Aujourd’hui, dans trois cas sur quatre, on meurt à l’hôpital, le plus souvent seul. Certaines personnes âgées prennent même des risques importants, en refusant parfois d’y être conduit tant elles ont peur d’y mourir, loin de chez elles, loin des leurs, dans un environnement où leur parole et leur capacité de choisir leur sont ôtées, au nom de ce qui est « bien » pour elles.
Au cours des auditions, comme des échanges qui ont suivi, bien des interrogations sur la qualité de la prise en charge de la fin de la vie ont été soulevées, et celles-ci sont bien loin d’être résolues.
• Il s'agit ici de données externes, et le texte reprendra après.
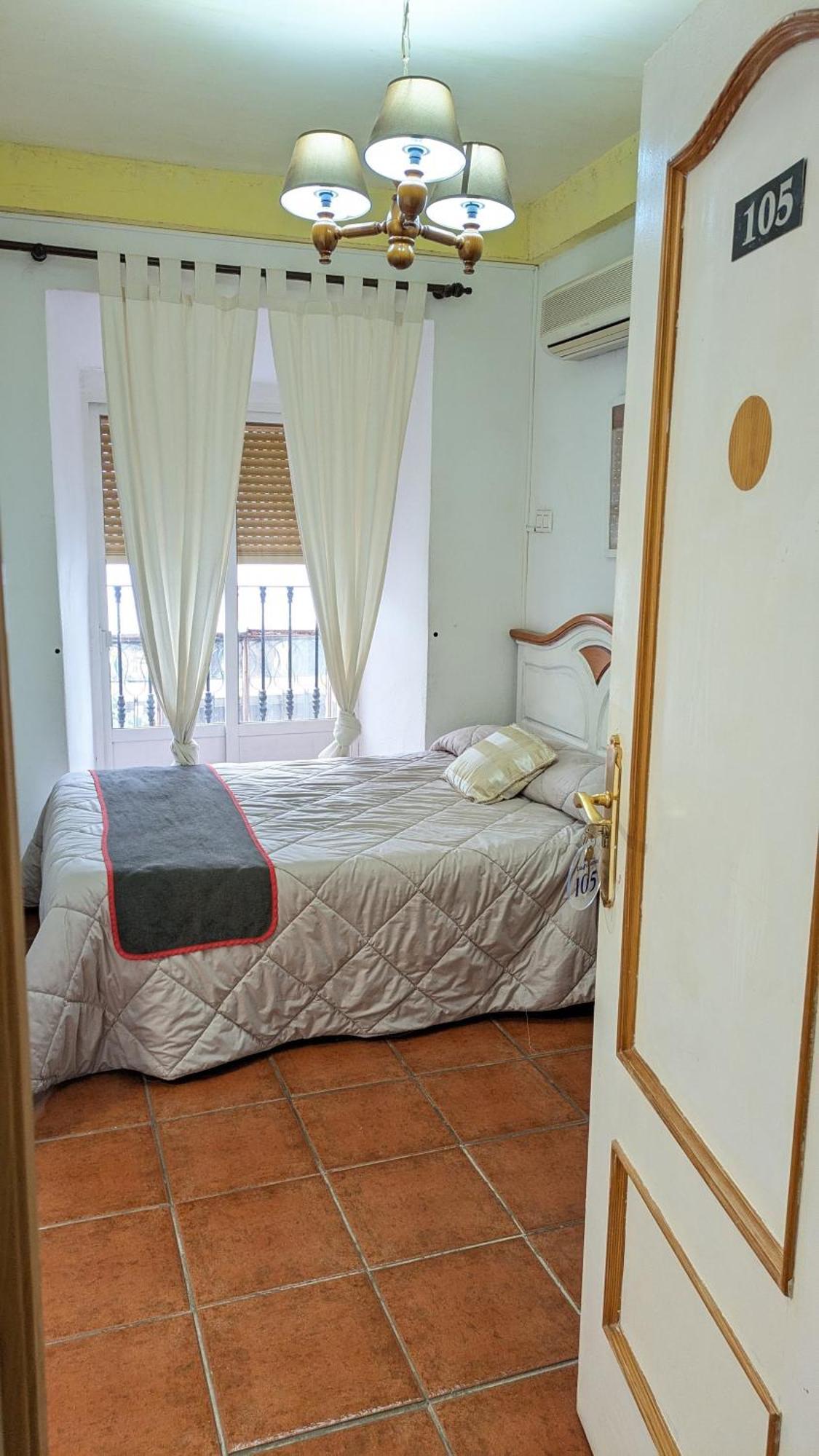 Hotel Las Palmeras By Vivere Stays Zafra Esterno foto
Aucun d’entre nous ne souhaite que les conditions de vie que connaissent les personnes dépendantes, dans certains établissements, ne les poussent à souhaiter la mort pour fuir les traitements parfois indignes qu’elles subissent. Le respect dû à la vie ne consiste pas à empêcher un malade en fin de vie de choisir quand et comment il cessera d’être au monde, il consiste plutôt à ne jamais perdre de vue la personne derrière le patient, l’homme qui souffre derrière le corps que l’on manipule.
À la question de la prise en charge de la dépendance, s’ajoute celle de l’insuffisance des services de soins palliatifs dans notre pays. Aujourd’hui, seules 20 % des personnes concernées bénéficient d’un accompagnement en unité de soins palliatifs.
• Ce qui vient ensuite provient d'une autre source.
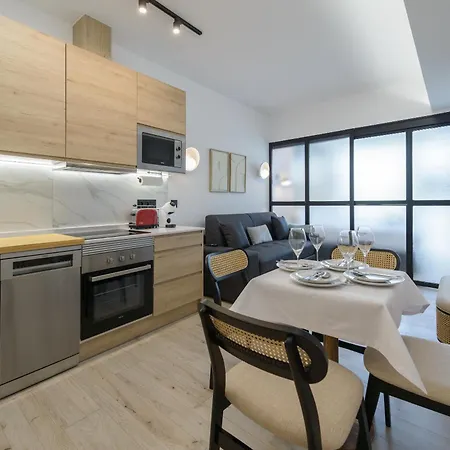 Deluxe Sol, By Monaro Apartment *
Dans cet hémicycle, la plupart de ceux qui refusent l’idée d’une assistance médicalisée à mourir mettent en avant l’existence des soins palliatifs, alors qu’ils ont sciemment voté des crédits notoirement insuffisants à l’hôpital public. Que vous le vouliez ou non, cette situation empêche la création en nombre suffisant de ces services, indispensables au respect de la fin de la vie.
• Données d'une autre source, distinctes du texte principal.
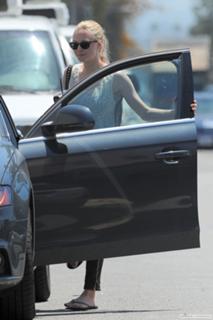 Amanda Seyfried feet photo thumbnail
Quant à nous, si nous défendons aujourd’hui ce texte, nous menons aussi le combat pour le développement des soins palliatifs, car l’assistance médicalisée à mourir ne rentre pas dans le même champ. Les deux démarches sont complémentaires et non opposées. Malheureusement, même si l’accès aux soins palliatifs était un droit universel et garanti, il n’en reste pas moins que choisir les conditions dans lesquelles une personne en fin de vie souhaite partir resterait, selon moi, toujours aussi légitime.
La souffrance subie et ressentie par certains peut être telle que même une prise en charge adaptée ne suffirait pas à redonner un sens à la poursuite d’une vie que la personne concernée considère comme insupportable ou dénué de sens. Au nom de quoi la fin de vie dépouillerait-elle l’être humain du droit à la subjectivité ?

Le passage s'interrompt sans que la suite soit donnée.